Merge multiple lists if condition is true

Question

I've been trying to wrap my head around this for a while now, but it seems like my lack of Haskell experience just won't get me through it. I couldn't find a similar question here on Stackoverflow (most of them are related to merging all sublists, without any condition)

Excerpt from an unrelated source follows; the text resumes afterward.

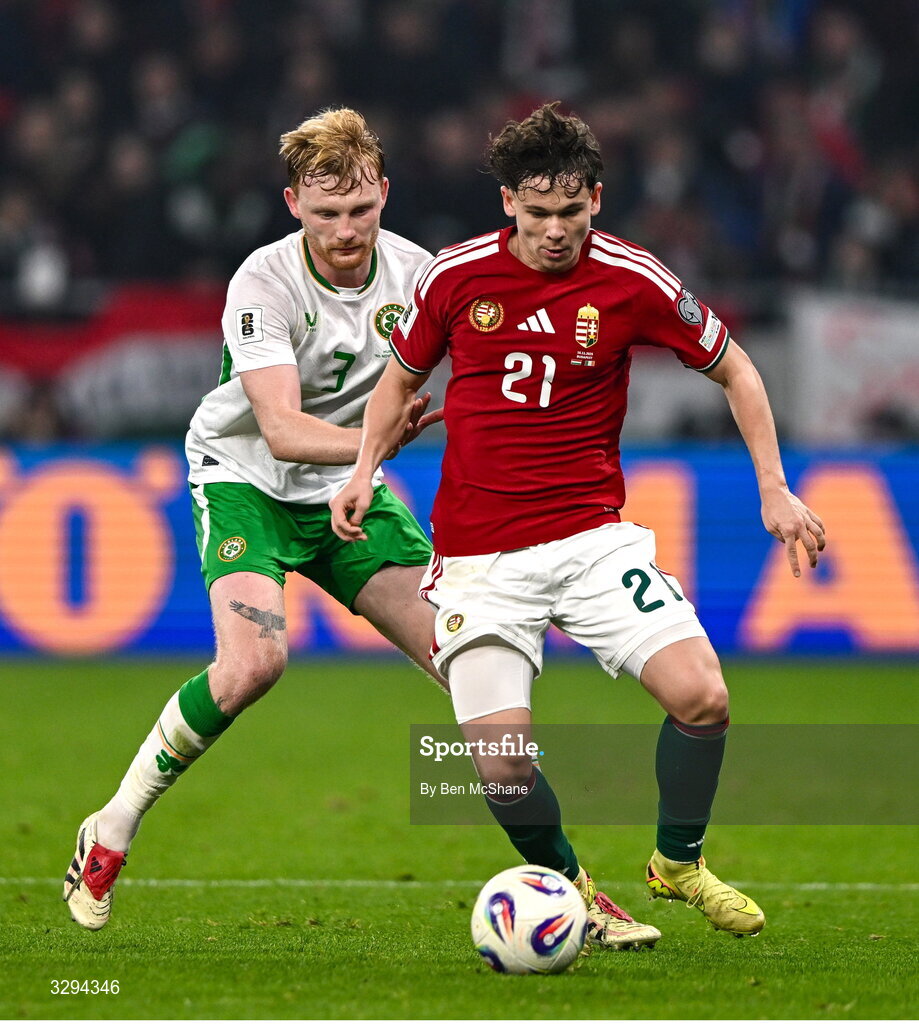 16 November 2025; Alex Tóth of Hungary in action against Liam Scales of Republic of Ireland during the FIFA World Cup 2026 Group F Qualifier match between Hungary and Republic of Ireland at Puskás Aréna in Budapest, Hungary. Photo by Ben McShane/Sportsfile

So here it goes. Let's say I have a list of lists like this:

[[1, 2, 3], [3, 5, 6], [20, 21, 22]]

Is there an efficient way to merge lists if some sort of condition is true? Let's say I need to merge lists that share at least one element. In case of example, result would be:

[[1, 2, 3, 3, 5, 6], [20, 21, 22]]

Another example (when all lists can be merged):

[[1, 2], [2, 3], [3, 4]]

And it's result:

[[1, 2, 2, 3, 3, 4]]

Thanks for your help!

Answer 1

I don't know what to say about efficiency, but we can break down what's going on and get several different functionalities at least. Particular functionalities might be optimizable, but it's important to clarify exactly what's needed.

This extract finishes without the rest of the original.